Last week, Clorox announced the selection of FCB and McGarryBowen as the lead agencies for the Oakland, California-based brand. According to the company, the selections were due to both agencies demonstrating “strong creative talent, digital marketing prowess, multi-discipline integration communications planning, and seamless access to outstanding capabilities across their networks.”
“This is a time of tremendous change and enormous digital opportunity,” said Eric Reynolds, chief marketing officer, The Clorox Company. “We are delighted to have the opportunity to collaborate with FCB and mcgarrybowen/Dentsu Aegis Network as our two agencies of record. Both agencies have a rich history of building brands that consumers love, developing big ideas and campaigns with coherence across today’s complex communications channels.”
The brand portfolio is wide and will be spilt among the two.
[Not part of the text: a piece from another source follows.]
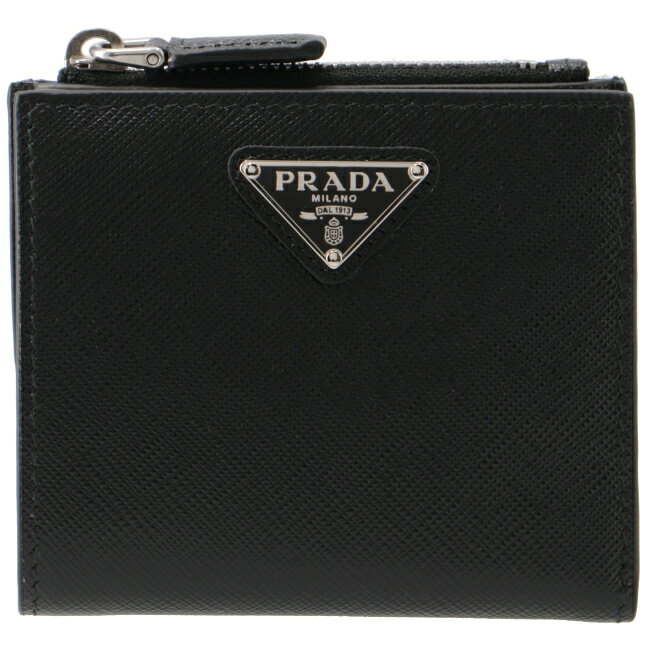 プラダ/PRADA 財布 メンズ 型押しカーフスキン 二つ折り財布 NERO 2ML049-QHH-002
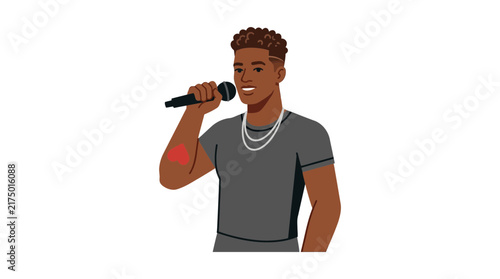 Man singing with microphone isolated on white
FCB’s San Francisco and Chicago offices will work on the global marketing campaigns of Clorox-branded cleaning, laundry and home products such as Pine-Sol, Liquid Plumr and Glad while McGarryBowen will tackle the consumer packaged goods and food space, working with brands like Hidden Valley, Brita and Burt’s Bees.
Susan Credle, who joined FCB earlier this year as global chief creative officer, said that genuine collaboration within the agency played a key role when it came to winning the Clorox business.
“One of the things that I've consistently heard the last four months from people new to FCB and people that have been in other companies is that there is this incredibly generous spirit to each other,” said Credle. “Globally, even in this Clorox pitch, we reached out to our Dubai office and Latin America for some help and insight, and they created some incredible work for us to take into the meeting. It was not sort of like, ‘we'll try’. They were as passionate about it as the boots on the ground.”
Generosity and togetherness seems to be a recurring theme with Credle when discussing the Clorox pitch — and the state of the industry in general. Gone are the days of short-term thinking and short-term gain. For the industry to thrive and the work to matter, collaboration, true collaboration, according to Credle, armed with 30+ years of industry wisdom, is critical.
“Collaboration is a word we hear a lot but I don’t see it being practiced very skillfully,” said Credle. “What I was amazed at during this pitch was truly watching a team play together across geography. There were times when San Francisco needed more help from Chicago, there were times when Chicago needed help from San Francisco. When somebody was falling behind, whether it was strategy or making stuff or whatever, the other office stepped in and helped. I have this saying that if one of us does something brilliant in the network, the value of every one of our business cards goes up. I think when you start thinking that, that you're playing a team where you want your colleagues to succeed, it changes the way you behave. My feeling is that if you're just trying to beat someone within your company, that's really the wrong game.”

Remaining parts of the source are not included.